• COLLECTED DATA
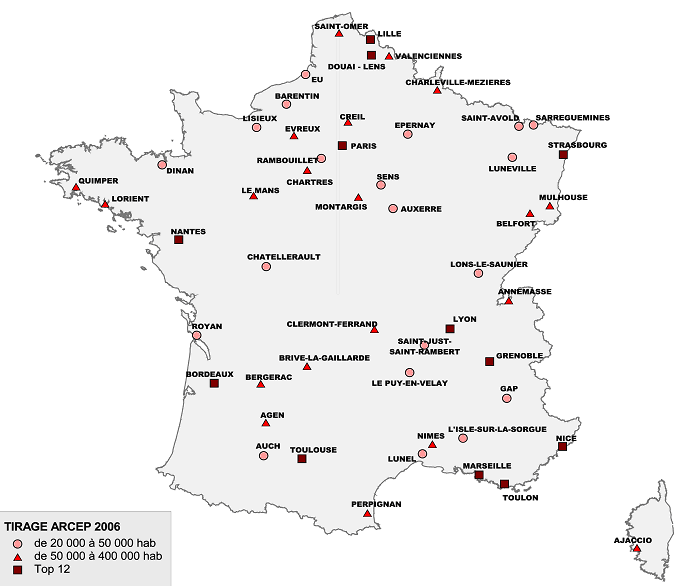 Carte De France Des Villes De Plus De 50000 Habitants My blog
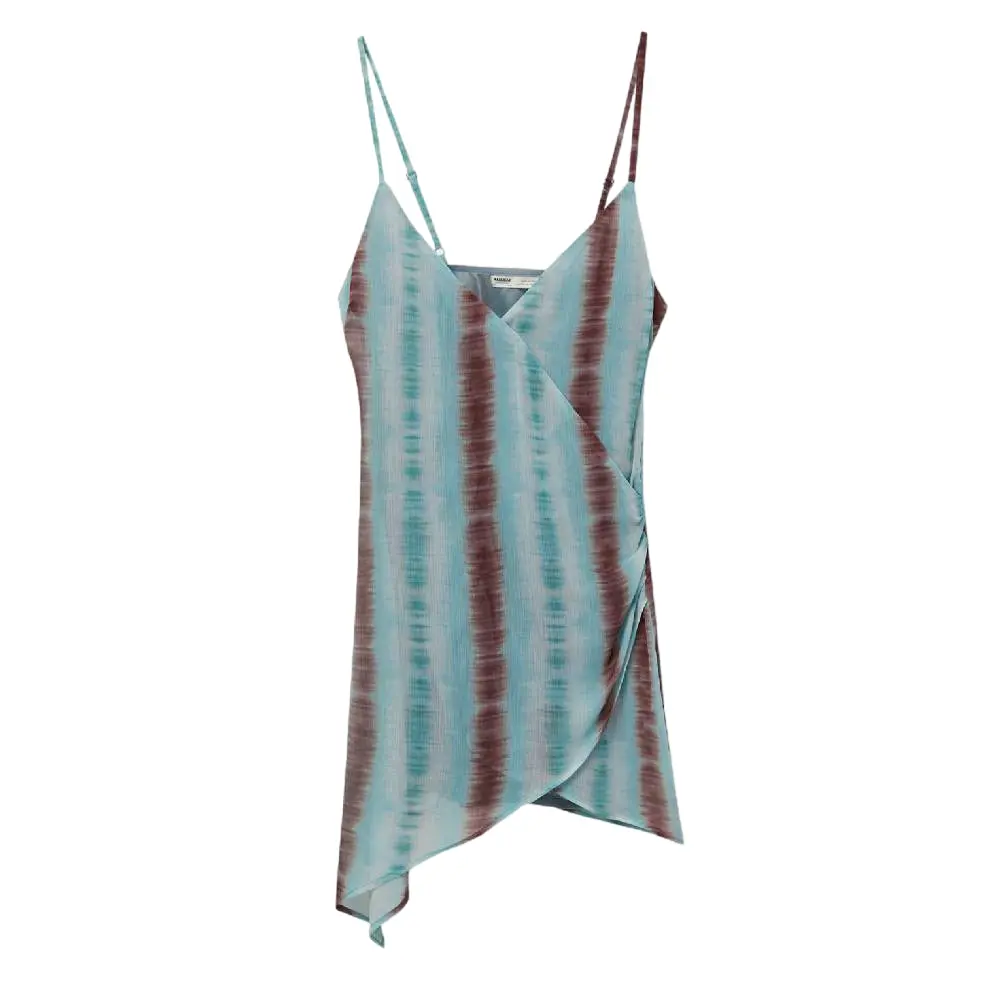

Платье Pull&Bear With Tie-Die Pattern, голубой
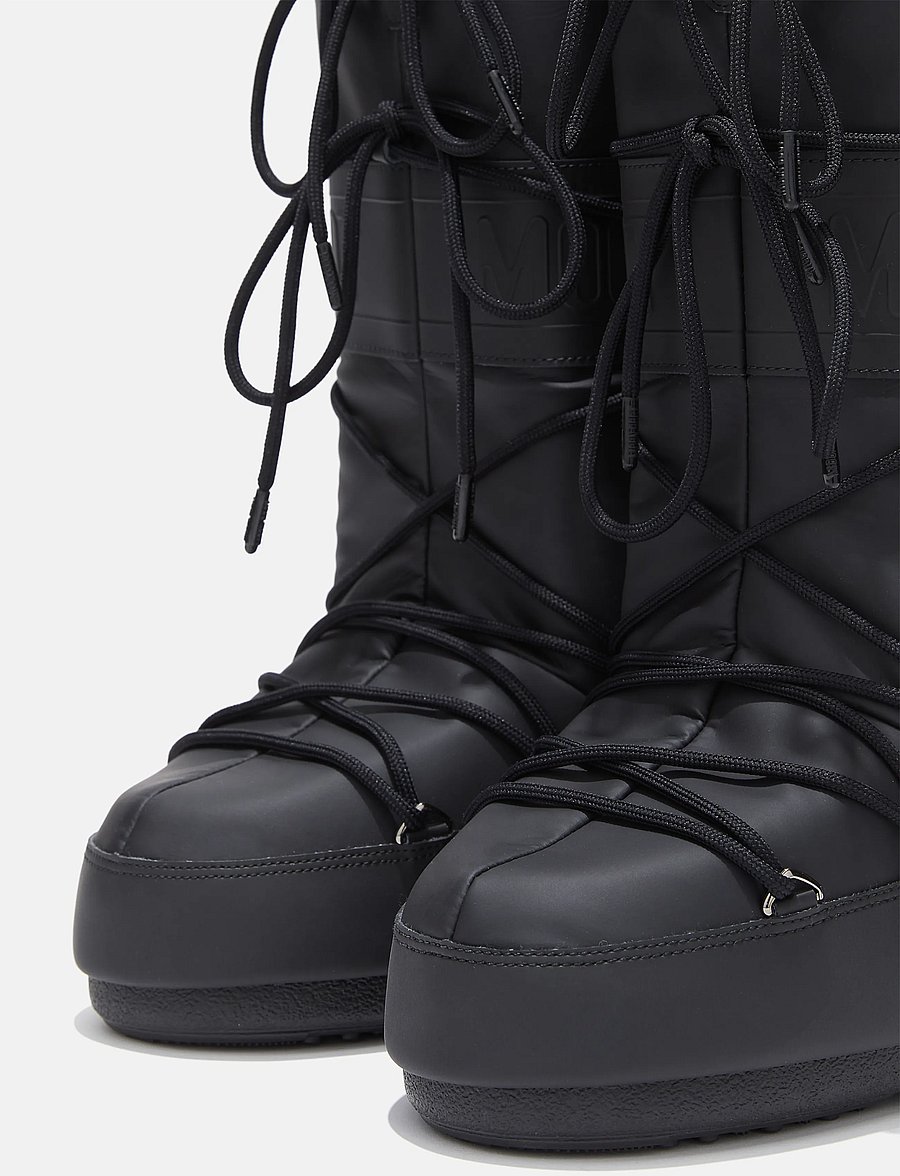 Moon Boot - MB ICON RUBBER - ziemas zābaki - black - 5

• REQUIRED ACTION
With the pictures left out, return all the material above exactly.

• REPLY
 Carte De France Des Villes De Plus De 50000 Habitants My blog

Платье Pull&Bear With Tie-Die Pattern, голубой
 Moon Boot - MB ICON RUBBER - ziemas zābaki - black - 5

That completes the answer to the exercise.